С таким положением дел Сеня свыклась быстро, приняла факт, как должное и подчинилась. А позже это попросту вошло в привычку – приходить ни свет, ни заря и фривольно барахтаться на матах в ожидании тренера. Последняя пунктуальностью не отличалась никогда, да и вообще не особо жаловала правила, поэтому, наверное, до статуса золотой медалистки так и не дотянула, променяв карьеру гимнастки на обыкновенного тренера.
Вишневецкая в тот день явилась привычно заблаговременно, чтобы успеть как следует растянуться и просто пострадать ерундой на тренажерах. И как видно очень зря. Смирившись с постоянной тишиной в зале, посторонние звуки уши уловили сразу, как только босые ноги коснулись матов. Есеня плохо верила в то, что ее далеко не пунктуальная тренерша набралась смелости прийти заранее и все подготовить. Но факты опровергал навязчивый шум из-за запертых дверей.

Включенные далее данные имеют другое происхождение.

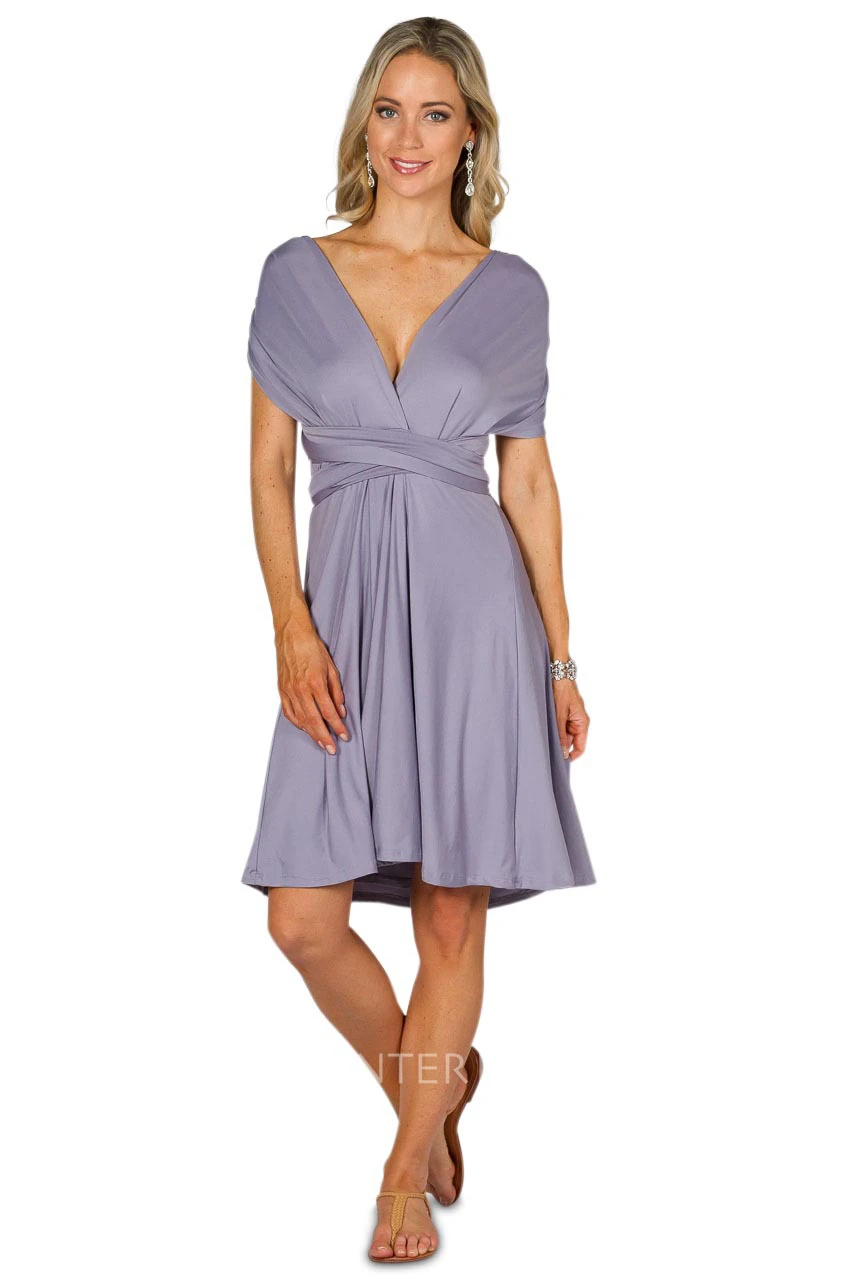 Knee-Length Sleeveless Criss-Cross Strapped Chiffon Convertible Bridesmaid Dress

Уже тогда стоило смириться с этим и плюнуть, но воспаленное любопытство огнем проезжалось по сжатым мышцам и руководило телом вопреки вопящему голосу разума. Вспотевшие подошвы ступней непосильно громко отрывались от матов, но упорно шествовали в сторону тренерской. Поглощенная интересом Есеня жадно припала глазами к широкой щели замка.
Шуршание одежды, тихие, томные вздохи, влажные шлепки горячих тел друг о друга. Есеня пораженно вздохнула, отпрянув прочь. Попытки стереть из глаз вставшую картину не увенчались успехом. Казалось, она навсегда отпечаталась на обратной стороне век.